Kartik Anand
Kartik Anand

Reputation: 4609

How can you pipe a readable stream to another readable stream?

I am doing exercises from the "stream-adventure", and I'm very uncertain about the stream-combiner module.

Specifically it says that:

The stream-combiner module creates a pipeline from a list of streams, returning a single stream that exposes the first stream as the writable side and the last stream as the readable side like the duplexer module, but with an arbitrary number of streams in between. Unlike the duplexer module, each stream is piped to the next.
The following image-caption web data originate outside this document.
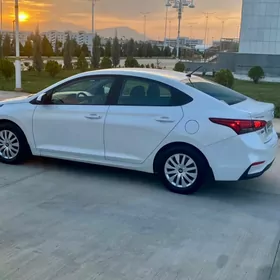 Hyundai Accent 2022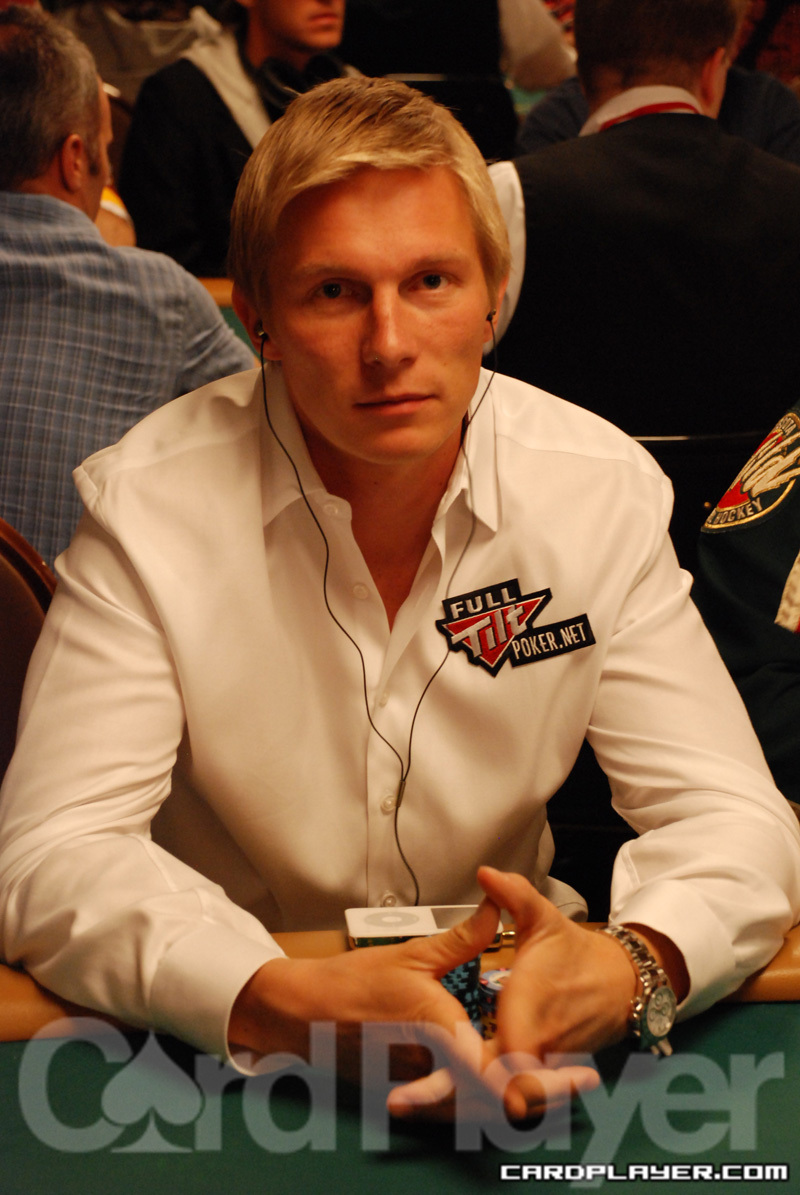 1747755490_original_ThomasWalhroos_WSOP_EV43_Day1.jpg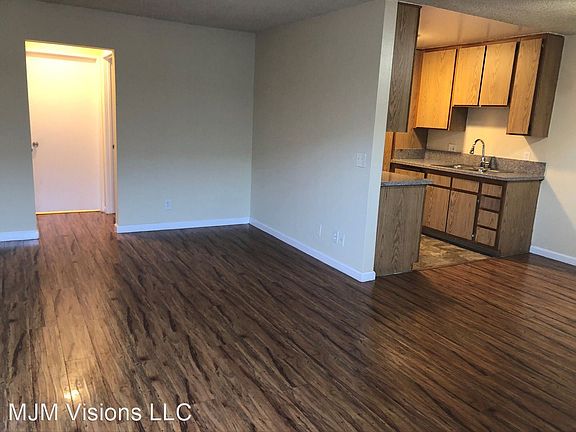 3rd image of 7635 Lankershim Blvd APT 13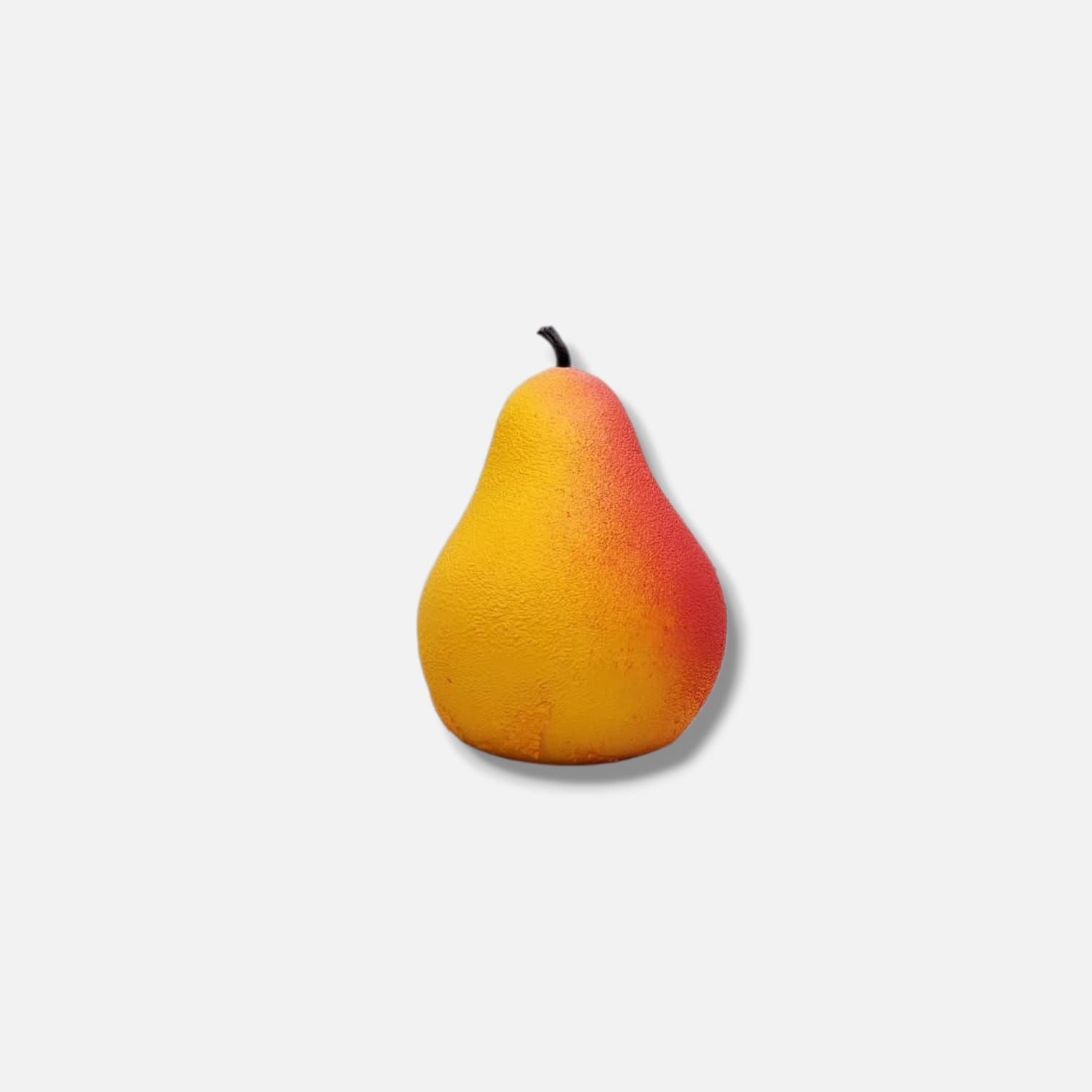 Pera gialla e rossa con un piccolo gambo nero.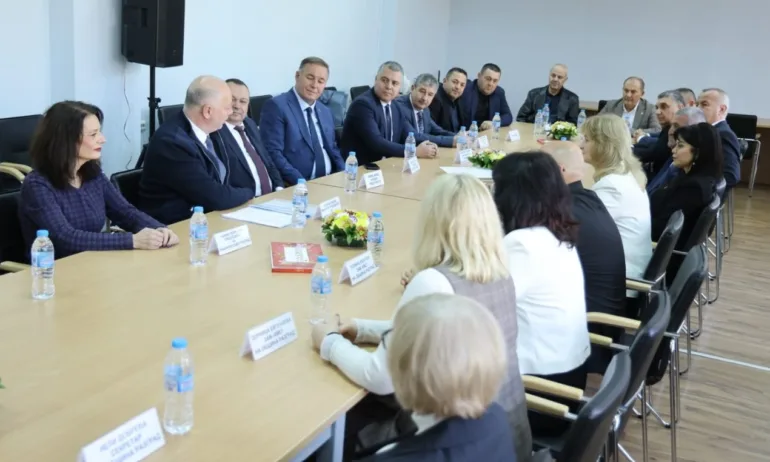 Росен Желязков: Стабилността на правителството гарантира устойчивост и за местната власт - Tribune.bg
For example:

var combine = require('stream-combiner');
var stream = combine(a, b, c, d);

will internally do a.pipe(b).pipe(c).pipe(d) but the stream returned by combine() has its writable side hooked into a and its readable side hooked into d.
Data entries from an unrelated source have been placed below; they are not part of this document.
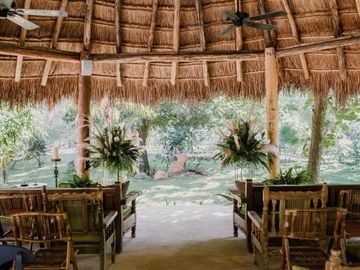 Propiedad estilo hacienda con 6 cabañas en venta en Tulum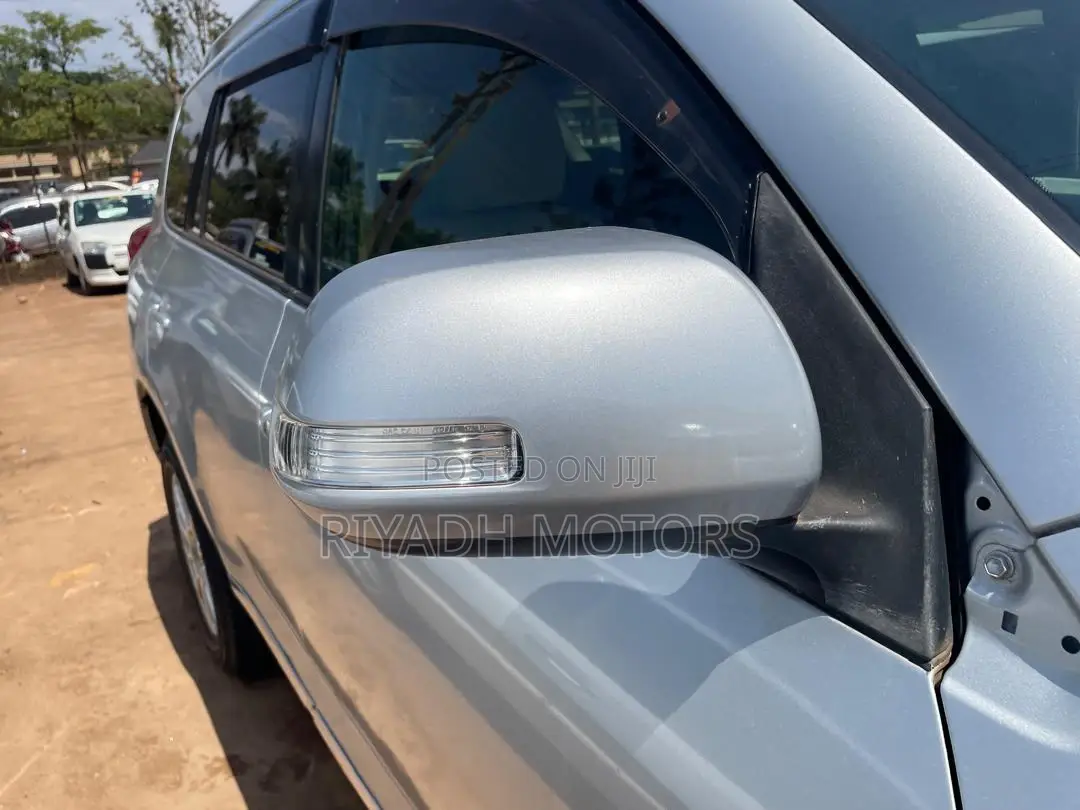 Toyota Vanguard 2012 Silver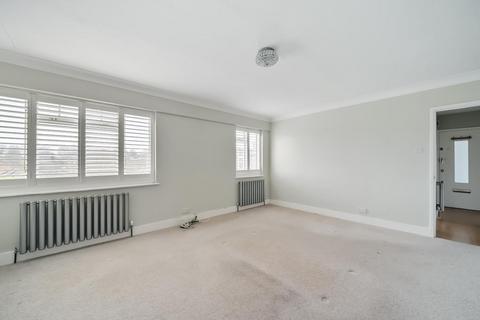 3 bedroom flat to rent, Queens Road,  Richmond,  TW10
Now as it says, "its writable side hooked into a and its readable side hooked into d", one can use the above stream like follows:

someReadableStream.pipe(stream).pipe(someWritableStream)

But won't the above just become:

someReadableStream.pipe(a).pipe(b).pipe(c).pipe(d).pipe(someWritableStream)
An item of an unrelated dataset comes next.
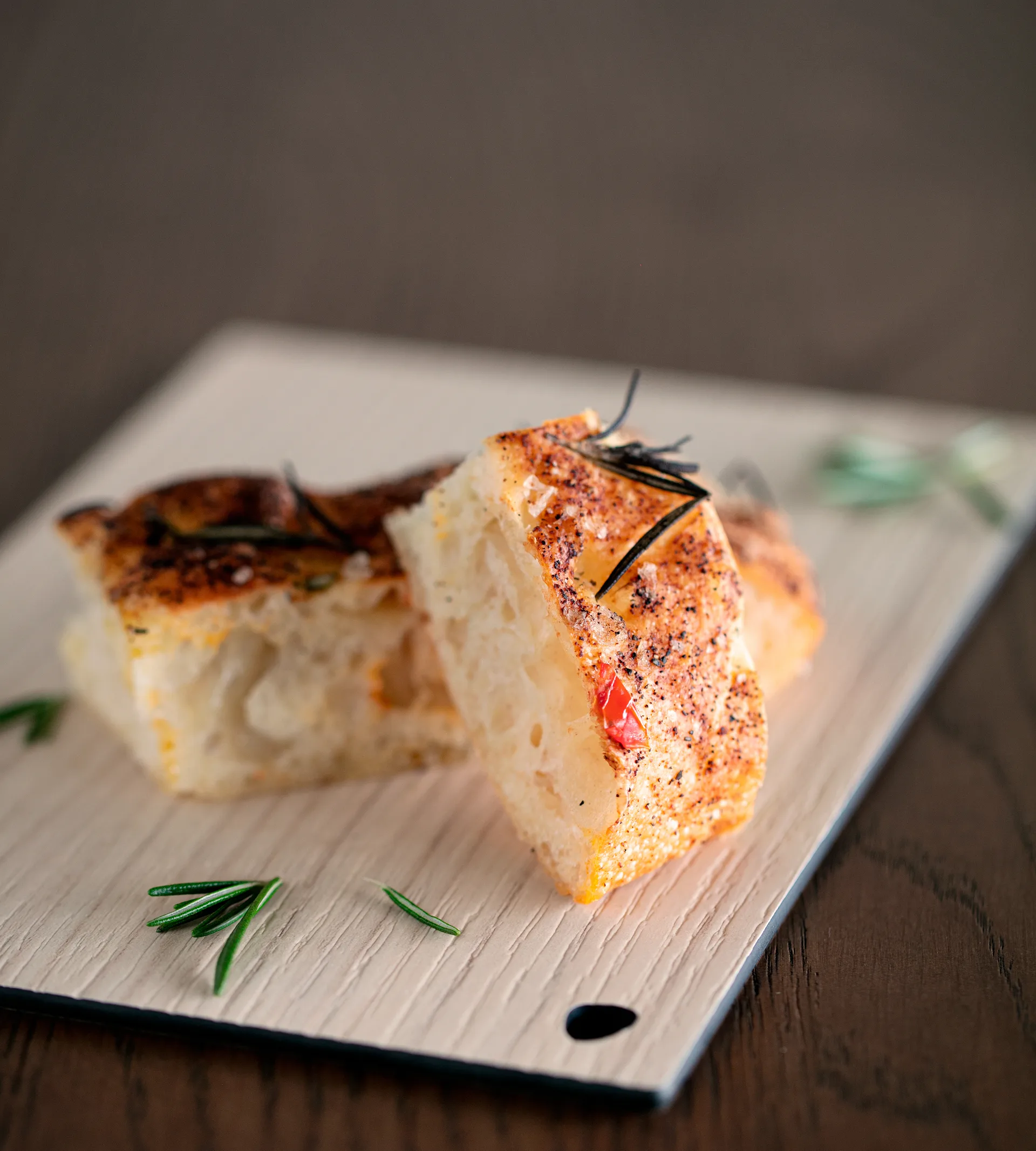 Cut & Serve τετράγωνη επιφάνεια κοπής S, Δεσποτάκι LIND DNA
My question is how can a readable stream pipe to another readable stream. And at the end, how can the result of piping to a writable stream again pipe to a writable stream.

Upvotes: 2

Views: 1258

Answers (2)

dominic
dominic

Reputation: 571

you are correct that it is the same as readable.pipe(a).pipe(b).pipe(c).pipe(d).pipe(writable), the advantage of combiner is that you cannot return a.pipe(b).pipe(c).pipe(d) from a function, so you must always manually connect them. with combiner you can create a stream out of other streams, and then tidy that away into a function or module.

for this to work, though, a,b,c,d all must be transform streams, that are both readable and writable.

Upvotes: 0

Peter Lyons
Peter Lyons

Reputation: 146134

Here's a textual example that hopefully clarifies the rules about the streams in order for stream-combiner to do something useful:

var rw = combine(r_or_rw, rw1, rw2, rw3, ...rwN, w_or_rw)

So the first stream needs to be at least readable, the interior streams all need to be read/write, and the final stream needs to at least be writeable. The returned new stream is read/write. When you write to the returned stream, that sends new data down through the pipeline, and when you read that gives you data from the end of the pipeline.